It is foolish to debate whether a trade agreement that has not yet been negotiated is a good idea and should be ratified.

Such a debate should properly begin only once there is something to analyze.

But here we are, so…

A few words about benefits from the Trans-Pacific Partnership, should it be successfully negotiated, in response to Paul Krugman:

  1. Paul Krugman says that the potential net gains from freer trade in services and (secondarily) agriculture as estimated by Petri, Plummer and Zhai of 0.5% of GDP “seem high to him”. Suppose that they are half that. In a Pacific region whose GDP is now approaching $30 trillion/year, that is $75 billion/year. Capitalize that at 4%/year and we get a net addition to world wealth of $3 trillion. That is indeed a very small number relative to the wealth of the world both now and discounted into the future. But that is a rather large number compared to other things the U.S. government might do this year. So why not grab for it?

  2. Improvements in international monetary arrangements with respect to keeping exchange rates where they ought to be would also be valuable–if they could be successfully negotiated.

  3. I do not think anybody is arguing quantitatively that TPP would put downward pressure on real wages in the United States of a large enough magnitude to offset the value of the $3 trillion wealth machine. If they are making such an argument, I would like to see it.

  4. Paul Krugman claims that the other major effect–besides the $3 trillion wealth machine–is that the intellectual property protections make the world poorer and transfer a significant amount of wealth from the sick and the entertainment consumers of emerging markets to first-world plutocrats. But is this in fact true? And what are the numbers?
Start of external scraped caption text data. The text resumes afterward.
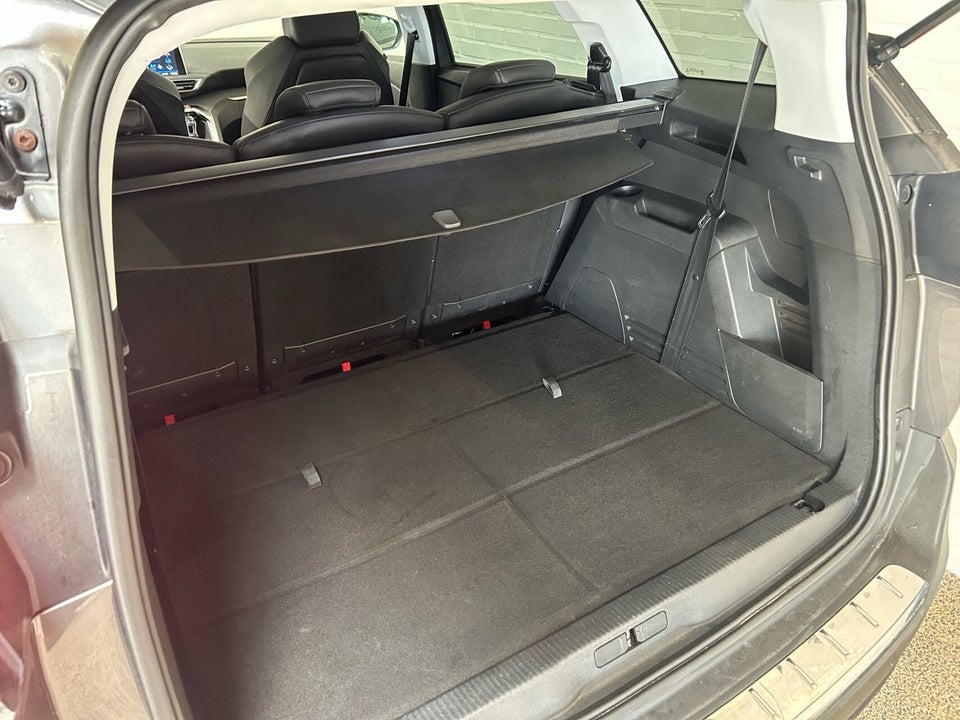 Peugeot 5008 1,2 e-THP 130 Allure 7prs 5d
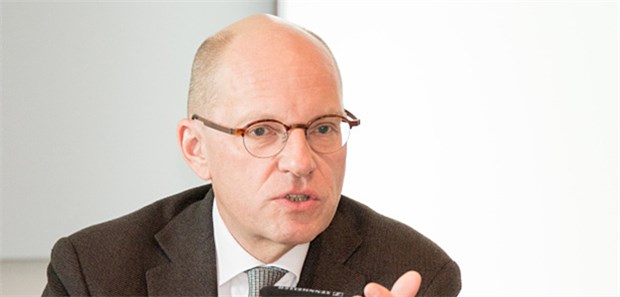 Geriater leben längst vor, was anderswo noch erlernt werden muss Prof. Cornel Sieber: Aus medizinischer Sicht gibt es sogar Ähnlichkeiten zwischen alten Menschen sowie Kindern und Jugendlichen, nämlich die häufig atypische Präsentation der Erkrankungen.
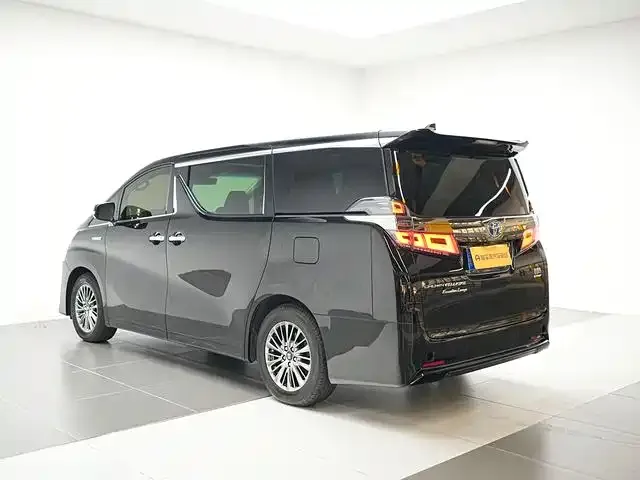 Toyota Vellfire 2022 из CN, фото 4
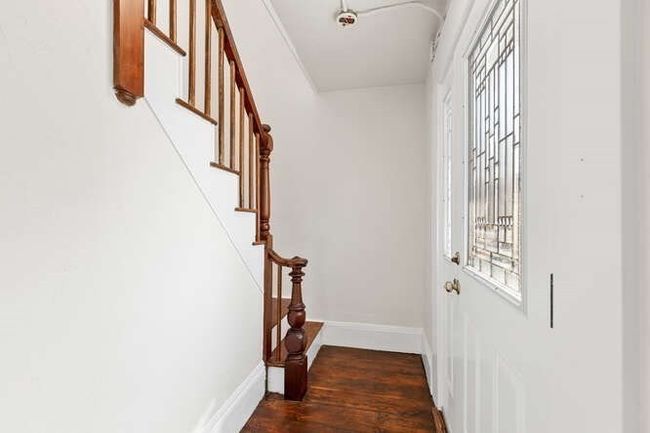 APT-2 - 9 Foster St, Condo with 4 bedrooms, 2 bathrooms and null parking in Gloucester MA | Image 4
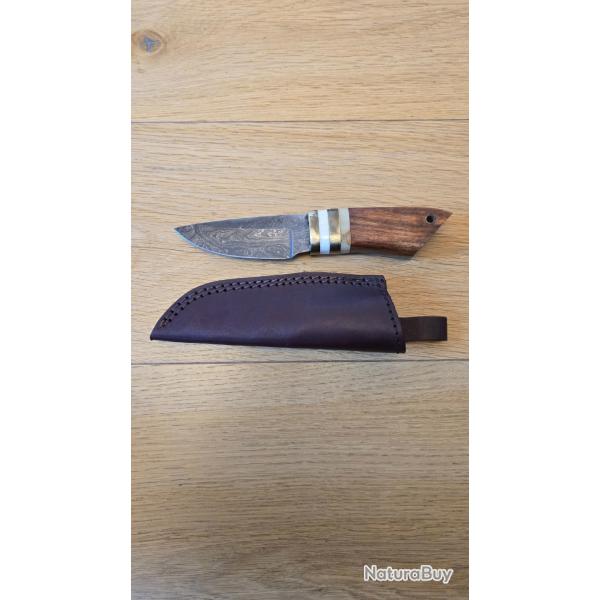 Couteau de chasse lame damas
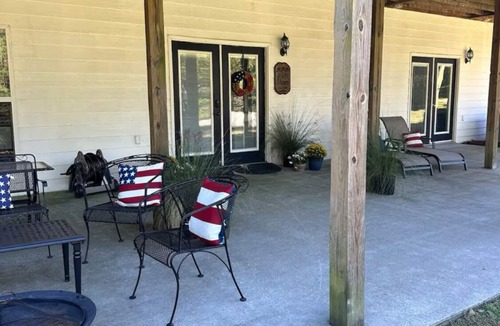 Silver Creek House | Mountain View 5 Queen Bedrooms WiFi FirePit BBQ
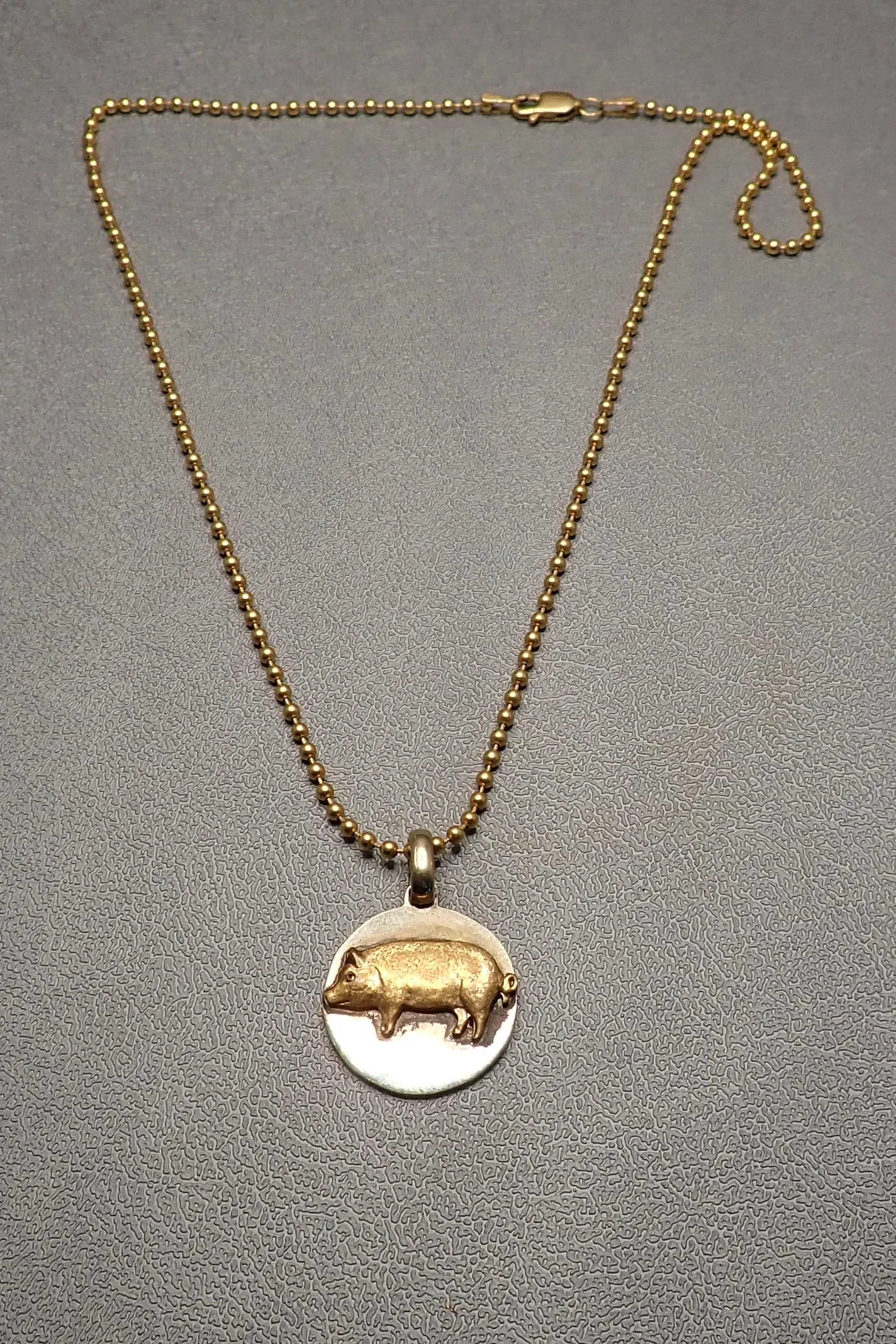 PIGGIE PENDANT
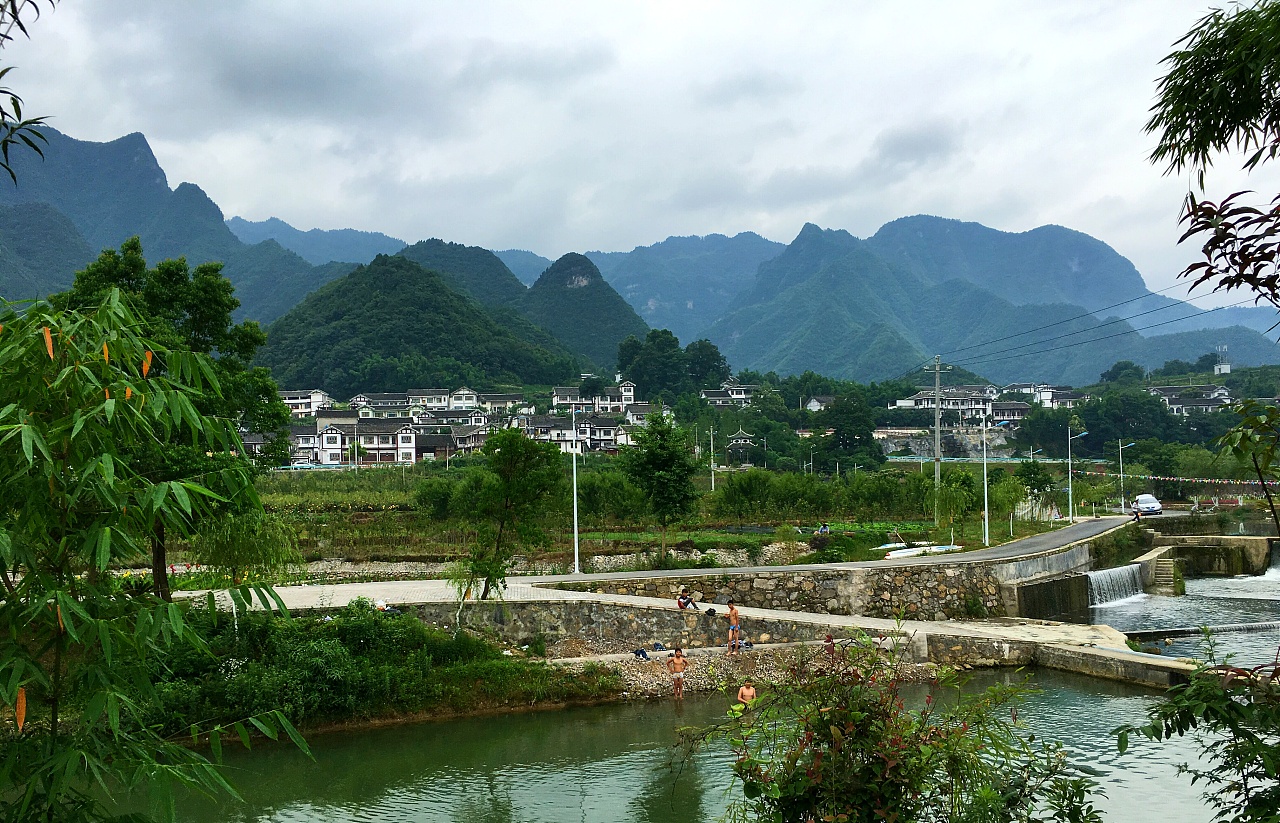 桃花江泮偏岩溏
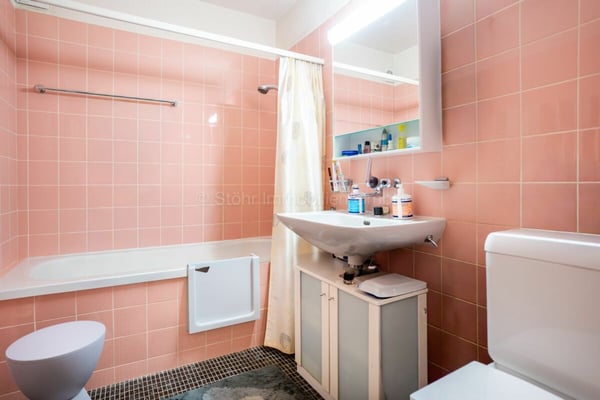 1.5-Zimmer Terrassenwohnung mit Weitblick in Winterthur 7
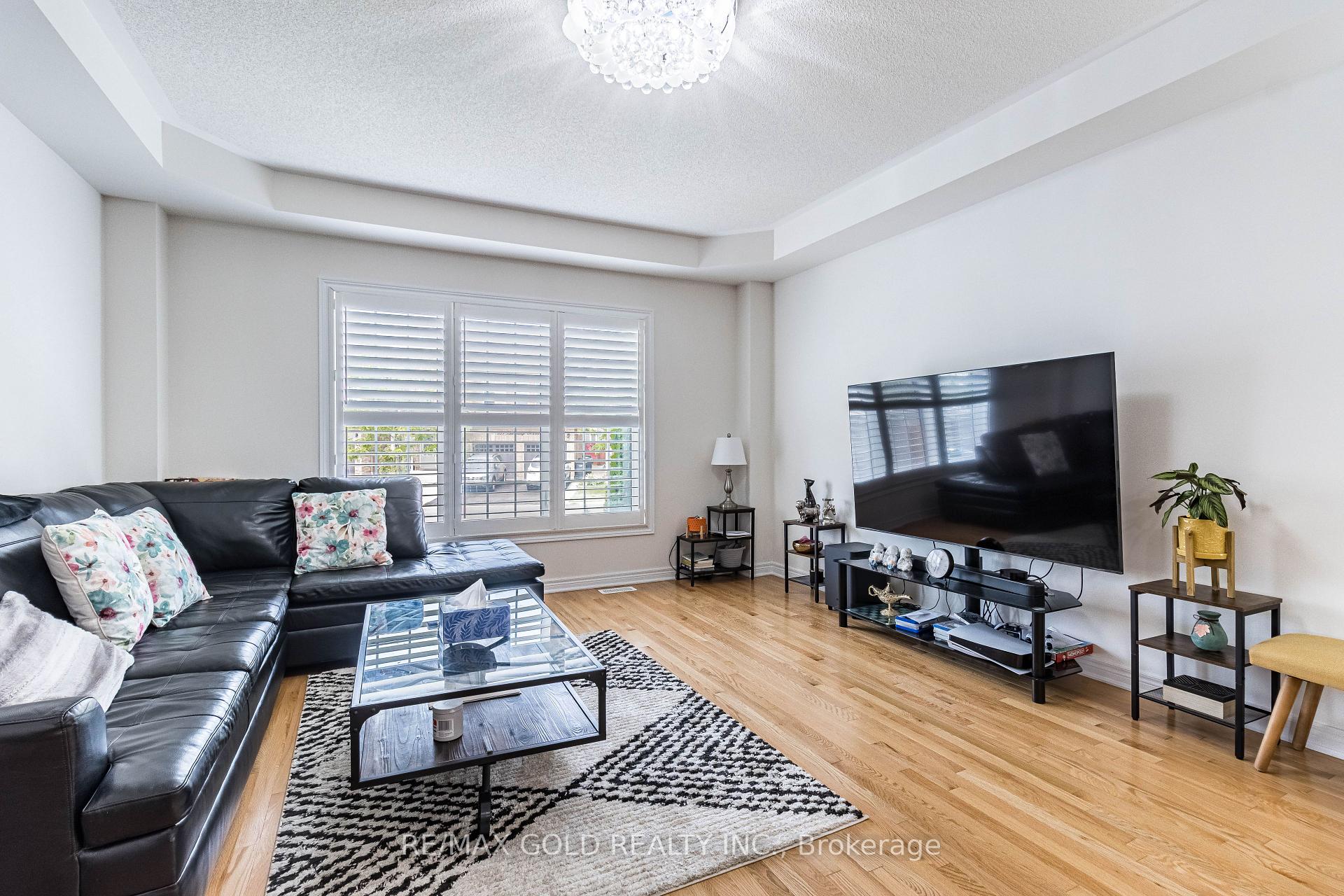 Photo 7 of 110 Banbridge Crescent, Brampton, Credit Valley — HOMEH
  5. However, the big reason that Paul is not in support of the TPP that may be comes at the end: “Why, exactly, should the Obama administration spend any political capital–alienating labor, disillusioning progressive activists–over such a deal?” The argument here is that in the long run America will be better off if there is a more unified liberal base more enthusiastically behind the Democratic Party, and that that outweighs whatever the small and uncertain net benefits of TPP might be.
     
    I would agree that it would have been good from the perspective of Obama’s political and policy goals for him to have framed the TPP debate differently. It should be the business of McConnell and Boehner to pass the enabling legislation through the House and the Senate. It should be a requirement from Obama that they also come up with sufficient additional legislative sweeteners to make it worth his while to sign it–given labor and anti-globalizer opposition. The question should be not: “Can Obama round up the votes for ratification?”
     
    The question, rather, should be: “can Boehner and McConnell come up with sufficient legislative sweeteners for labor and progressives to elicit a signature?” That kind of forward-looking legislative-procedural chess, however–attaching all kinds of sweeteners to the enabling legislation and threatening a veto if they do not stick–has never been the Obama administration’s long suit.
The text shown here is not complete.